In a radically different, if no less improbable context, Swiss master builders (and 2001 Pritzker Prize winners) Herzog & de Meuron have lately put the finishing touches on their design for the Elbphilharmonie in Hamburg, Germany, home to the city’s famed radio orchestra. Sitting on a slender peninsula in the middle of a sometime shipping district, it blends in neatly with the rough-and-tumble setting, with a lower eight- story block consisting of a converted brick warehouse. Above that, the designers have mounted a bold sculptural crown, twice as high the base, faced entirely in glass and topped with a curving outline recalling waves or a billowing sail. Given the maritime locale, the reference is relevant, and despite considerable delays and cost overruns the project has quickly endeared itself to the citizenry, who’ve dubbed it the “Elbie.” The European affection for live music, and for the buildings that host it, is of course a longstanding continental tradition, woven into the fabric of its cities; yet the main drivers of new concert hall construction are fast-growing urban centers in the developing world who desire to firm up their global status. Hence the dominance of East Asia. Two more venues in the region seek to put their up-and-coming hometowns on the cultural map: the Taipei Performing Arts Center, from Dutch firm OMA and its superstar cofounder Rem Koolhaas, and the theater component of the new campus of the Juilliard School in Tianjin, China, by New York–based office Diller Scofidio + Renfro. The OMA building is (in the words of the architects) an “experimentation in the internal workings of the theater”— a multi-stage, completely adaptable theatrical environment that can be reworked for productions of all scales, even scales never attempted before, all contained in a novel envelope featuring a protruding street- front sphere. More tranquil, if no less innovative, is DS+R’s performing arts facility, the first outpost aboard for the storied New York City institution: Embedded within a folded, complex geometrical volume, the music hall interior lifts up at one corner to reveal the greenery and riverfront views beyond.
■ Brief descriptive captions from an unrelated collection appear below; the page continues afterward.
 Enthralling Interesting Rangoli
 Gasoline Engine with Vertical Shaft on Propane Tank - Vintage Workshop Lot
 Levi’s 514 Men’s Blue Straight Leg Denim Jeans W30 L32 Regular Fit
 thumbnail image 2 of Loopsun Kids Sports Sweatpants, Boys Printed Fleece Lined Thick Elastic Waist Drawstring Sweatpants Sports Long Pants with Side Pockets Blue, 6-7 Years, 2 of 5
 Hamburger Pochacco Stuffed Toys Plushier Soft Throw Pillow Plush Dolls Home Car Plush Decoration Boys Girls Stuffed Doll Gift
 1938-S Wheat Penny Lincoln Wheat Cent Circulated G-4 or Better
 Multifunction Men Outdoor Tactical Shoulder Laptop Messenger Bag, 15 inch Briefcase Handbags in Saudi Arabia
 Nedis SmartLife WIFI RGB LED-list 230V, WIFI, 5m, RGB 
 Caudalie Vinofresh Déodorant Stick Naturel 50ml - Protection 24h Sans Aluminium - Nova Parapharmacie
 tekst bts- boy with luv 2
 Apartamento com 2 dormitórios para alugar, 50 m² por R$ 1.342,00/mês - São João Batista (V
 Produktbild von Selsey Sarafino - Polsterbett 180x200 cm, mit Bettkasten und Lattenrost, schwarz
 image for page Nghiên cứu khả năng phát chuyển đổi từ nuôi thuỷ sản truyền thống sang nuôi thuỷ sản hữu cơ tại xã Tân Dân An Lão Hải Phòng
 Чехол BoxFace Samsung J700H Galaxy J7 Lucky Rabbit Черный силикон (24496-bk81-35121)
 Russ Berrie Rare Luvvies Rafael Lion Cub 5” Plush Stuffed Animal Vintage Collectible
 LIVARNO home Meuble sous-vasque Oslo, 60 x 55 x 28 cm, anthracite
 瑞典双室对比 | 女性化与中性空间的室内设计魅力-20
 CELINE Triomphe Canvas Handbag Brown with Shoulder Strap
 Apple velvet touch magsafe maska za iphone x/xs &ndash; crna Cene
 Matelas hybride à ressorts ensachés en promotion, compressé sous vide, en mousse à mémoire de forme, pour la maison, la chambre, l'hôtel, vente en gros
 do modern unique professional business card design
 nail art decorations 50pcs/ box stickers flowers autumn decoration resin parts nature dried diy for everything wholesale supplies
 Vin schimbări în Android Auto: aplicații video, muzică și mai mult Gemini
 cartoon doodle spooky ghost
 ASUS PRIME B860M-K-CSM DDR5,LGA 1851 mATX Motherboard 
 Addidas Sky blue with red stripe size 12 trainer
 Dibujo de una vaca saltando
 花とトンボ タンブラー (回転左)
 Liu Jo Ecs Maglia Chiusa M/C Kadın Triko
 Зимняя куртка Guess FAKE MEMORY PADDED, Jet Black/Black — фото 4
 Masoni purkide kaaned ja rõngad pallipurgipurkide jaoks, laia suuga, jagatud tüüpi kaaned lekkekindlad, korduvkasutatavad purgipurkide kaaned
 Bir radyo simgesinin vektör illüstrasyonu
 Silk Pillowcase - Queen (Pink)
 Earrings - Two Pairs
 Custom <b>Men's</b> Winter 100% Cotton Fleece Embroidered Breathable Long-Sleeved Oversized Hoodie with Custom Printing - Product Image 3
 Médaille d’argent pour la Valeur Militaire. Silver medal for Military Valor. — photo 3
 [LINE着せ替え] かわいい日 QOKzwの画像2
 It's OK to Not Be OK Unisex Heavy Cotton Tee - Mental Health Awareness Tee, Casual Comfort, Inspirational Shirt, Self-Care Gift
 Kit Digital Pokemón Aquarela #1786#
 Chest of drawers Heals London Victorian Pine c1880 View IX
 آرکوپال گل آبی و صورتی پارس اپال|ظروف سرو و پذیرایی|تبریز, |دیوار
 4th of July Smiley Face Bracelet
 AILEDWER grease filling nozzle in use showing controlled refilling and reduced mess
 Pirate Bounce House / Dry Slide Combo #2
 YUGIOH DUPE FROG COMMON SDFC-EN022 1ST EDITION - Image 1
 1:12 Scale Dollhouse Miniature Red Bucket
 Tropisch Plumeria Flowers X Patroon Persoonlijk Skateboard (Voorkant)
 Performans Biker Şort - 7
A rendering of REX Architecture’s design for the Ronald O. Perelman Performing Arts Center, located on the World Trade Center campus.

China’s relative dominance in the concert-hall arms race doesn’t mean the U.S. has been entirely left out. In New York, the long-awaited arts component of the new World Trade Center complex is finally underway: REX Architecture’s Ronald O. Perelman Performing Arts Center, named for the benefactor whose gift last year of $75 million helped kickstart construction. Located on the site of a temporary train station, the building is a stately block with a marble-clad façade, the stone paneling carefully book-matched to create a beguiling patina. More important, however, is what’s inside. “Arts buildings are increasingly challenged to be multi-use,” REX principal Joshua Prince- Ramus explains. “The Perelman can create exceptional conditions for all the major performing art forms within a single structure”—a flexibility facilitated by three auditoria which can be combined and recombined into nearly a dozen different configurations.

So what ties together the current crop of high-brow concert destinations? Given the challenging climate, the necessary formula would appear to be a mix of functional adaptability (throwing music together with other genres of performance for mutual support), inventive siting (with a special focus on formerly neglected or fast- changing pockets of the city) and, by far the most crucial element, a sense of municipal mission—a shared sentiment between donors, citizens and government that music is a crucial part of the history and future of their city. With those factors in place, the architectural sky would appear to be the limit, as architects and their clients bet on ever-more inventive designs to keep the crowds coming and keep live music alive in the 21st century.